Friday 17 March 2017 10:01 AM
Mondelez confirms Dunedin exit, will consider using third party for Kiwi candy
By Paul McBeth
March 17 (BusinessDesk) - Mondelez International, the US food group on a global push to cut costs, will close the doors
on the Cadbury factory in Dunedin early next year.
The multinational has been in talks with the union and staff for the past four weeks to try to find a way to keep the
factory open but has settled on its original plan to wind down the facility by early next year, it said in a statement.
However, it is open to Kiwi staples such as Pineapple Lumps and Jaffas being made by a third party in New Zealand, and a
working group including E tū union representative Neville Donaldson, Dunedin city Mayor, Dave Cull, Otago/Southland
Employers Association chief Virginia Nicholls, MPs and Mondelez management will seek out a potential candidate.
"Following four weeks of detailed consultation with the union and employees to assess alternatives, we could not find a
viable option that met global benchmarks and ensured the ongoing sustainable operation of the factory," Amanda Banfield,
Mondelez area vice-president for Australia, New Zealand and Japan, said in a statement."Mondelez International remains
committed to New Zealand and will continue to employ over 130 people nationwide to support the hundreds of small, medium
and large retailers and business partners we have right across the country."
The decision spells the end for some 350 jobs at the factory, which was a major employer in the South Island city, and
Mondelez said it will support relocating as many as possible for roles in Australia and the region.The company plans to
keep the Cadbury World tourism venture, which employs 36 people, and is considering redeveloping the site.
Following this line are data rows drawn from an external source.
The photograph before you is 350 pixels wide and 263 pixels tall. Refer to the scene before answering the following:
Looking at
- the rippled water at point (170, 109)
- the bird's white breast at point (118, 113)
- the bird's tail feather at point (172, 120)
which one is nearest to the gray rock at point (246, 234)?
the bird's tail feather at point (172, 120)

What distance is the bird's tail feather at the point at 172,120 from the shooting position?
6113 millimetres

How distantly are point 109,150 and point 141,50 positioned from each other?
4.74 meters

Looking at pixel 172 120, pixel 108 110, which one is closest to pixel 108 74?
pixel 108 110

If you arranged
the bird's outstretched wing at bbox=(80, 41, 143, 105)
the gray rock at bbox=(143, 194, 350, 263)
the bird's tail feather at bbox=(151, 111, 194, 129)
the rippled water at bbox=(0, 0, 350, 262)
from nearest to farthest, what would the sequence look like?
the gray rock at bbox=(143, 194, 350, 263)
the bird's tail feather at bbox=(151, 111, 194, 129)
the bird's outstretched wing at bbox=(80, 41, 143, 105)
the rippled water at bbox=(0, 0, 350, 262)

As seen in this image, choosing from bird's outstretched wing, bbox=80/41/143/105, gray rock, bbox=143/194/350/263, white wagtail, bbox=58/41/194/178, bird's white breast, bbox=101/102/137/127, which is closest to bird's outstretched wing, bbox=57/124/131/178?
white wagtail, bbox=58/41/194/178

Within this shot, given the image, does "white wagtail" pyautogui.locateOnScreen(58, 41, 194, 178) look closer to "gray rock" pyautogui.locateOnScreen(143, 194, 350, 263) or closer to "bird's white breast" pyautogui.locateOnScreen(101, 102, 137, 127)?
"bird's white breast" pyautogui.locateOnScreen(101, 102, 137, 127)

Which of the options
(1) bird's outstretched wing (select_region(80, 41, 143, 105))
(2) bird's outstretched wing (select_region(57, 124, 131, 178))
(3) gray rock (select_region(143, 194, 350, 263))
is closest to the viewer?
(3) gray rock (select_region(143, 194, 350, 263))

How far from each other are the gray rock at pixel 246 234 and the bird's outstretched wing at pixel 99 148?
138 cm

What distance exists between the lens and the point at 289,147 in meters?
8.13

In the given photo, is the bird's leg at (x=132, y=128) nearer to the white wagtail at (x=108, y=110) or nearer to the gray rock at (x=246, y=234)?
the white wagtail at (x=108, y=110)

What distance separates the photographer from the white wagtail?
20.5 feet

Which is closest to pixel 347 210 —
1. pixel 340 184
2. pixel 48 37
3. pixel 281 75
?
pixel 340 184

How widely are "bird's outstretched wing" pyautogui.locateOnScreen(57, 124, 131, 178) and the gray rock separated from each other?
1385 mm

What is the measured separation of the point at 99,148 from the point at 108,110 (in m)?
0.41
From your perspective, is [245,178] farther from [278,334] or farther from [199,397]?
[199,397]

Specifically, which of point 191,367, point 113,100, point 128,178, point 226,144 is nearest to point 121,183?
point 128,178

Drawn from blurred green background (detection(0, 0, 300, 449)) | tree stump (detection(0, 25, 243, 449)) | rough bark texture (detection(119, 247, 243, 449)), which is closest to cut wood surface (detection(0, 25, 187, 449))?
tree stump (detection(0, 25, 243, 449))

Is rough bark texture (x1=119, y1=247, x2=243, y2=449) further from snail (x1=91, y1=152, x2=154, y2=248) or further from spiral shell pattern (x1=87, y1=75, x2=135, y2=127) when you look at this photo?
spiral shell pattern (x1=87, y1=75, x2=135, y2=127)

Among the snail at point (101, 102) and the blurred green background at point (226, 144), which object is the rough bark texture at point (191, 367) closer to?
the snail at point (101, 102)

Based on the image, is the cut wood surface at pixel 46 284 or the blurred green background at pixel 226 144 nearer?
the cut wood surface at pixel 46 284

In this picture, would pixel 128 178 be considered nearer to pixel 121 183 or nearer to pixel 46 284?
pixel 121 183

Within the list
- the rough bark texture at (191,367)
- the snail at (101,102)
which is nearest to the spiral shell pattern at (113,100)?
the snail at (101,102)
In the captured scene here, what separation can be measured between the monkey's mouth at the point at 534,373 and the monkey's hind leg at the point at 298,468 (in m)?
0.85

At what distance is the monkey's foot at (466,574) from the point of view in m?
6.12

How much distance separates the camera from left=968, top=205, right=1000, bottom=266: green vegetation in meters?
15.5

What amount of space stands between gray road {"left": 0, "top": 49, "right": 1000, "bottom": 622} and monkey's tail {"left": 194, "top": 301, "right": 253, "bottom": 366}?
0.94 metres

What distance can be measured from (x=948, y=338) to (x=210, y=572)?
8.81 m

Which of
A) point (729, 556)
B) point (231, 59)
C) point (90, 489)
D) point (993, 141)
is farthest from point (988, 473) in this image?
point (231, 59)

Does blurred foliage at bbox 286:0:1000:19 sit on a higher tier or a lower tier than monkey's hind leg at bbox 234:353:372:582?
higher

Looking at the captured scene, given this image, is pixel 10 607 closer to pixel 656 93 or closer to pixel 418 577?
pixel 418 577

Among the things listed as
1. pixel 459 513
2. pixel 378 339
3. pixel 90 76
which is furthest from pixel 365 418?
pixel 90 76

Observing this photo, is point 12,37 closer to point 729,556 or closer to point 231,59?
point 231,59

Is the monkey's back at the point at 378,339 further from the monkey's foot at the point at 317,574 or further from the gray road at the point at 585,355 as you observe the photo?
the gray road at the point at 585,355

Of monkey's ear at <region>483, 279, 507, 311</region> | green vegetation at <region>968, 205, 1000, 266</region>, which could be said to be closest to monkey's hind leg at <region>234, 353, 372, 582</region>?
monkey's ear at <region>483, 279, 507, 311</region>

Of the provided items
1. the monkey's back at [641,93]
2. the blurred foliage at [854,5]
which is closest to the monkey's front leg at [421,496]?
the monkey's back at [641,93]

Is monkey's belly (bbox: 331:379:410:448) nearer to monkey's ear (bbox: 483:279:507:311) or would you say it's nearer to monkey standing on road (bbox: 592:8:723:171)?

Kraft bought the factory in 2010 as part of an 11.9 billion pound takeover of the global Cadbury group, of which the New
Zealand assets were worth some $200 million. Kraft later spun out its global snacks business and renamed it Mondelez. In
the first year of owning it, Mondelez injected about $80 million of new capital into the New Zealand entity.
Since buying the Cadbury business, Mondelez's New Zealand operations have become closer to the global group, with 30
percent of its sales in 2015 going to related parties, up from just 21 percent in 2011.
However, it hasn't been unprofitable for the group. Financial statements filed to the Companies Office show Mondelez New
Zealand Investments shipped back $105 million of dividends between 2011 and 2015 on profits of just $39.8 million, and a
related party loan of $120 million has accrued more than $40 million of interest payments through that period.
The New Zealand holding company has also paid its parent royalties totalling $47.4 million and service fees and
marketing rebates totalling $37.2 million.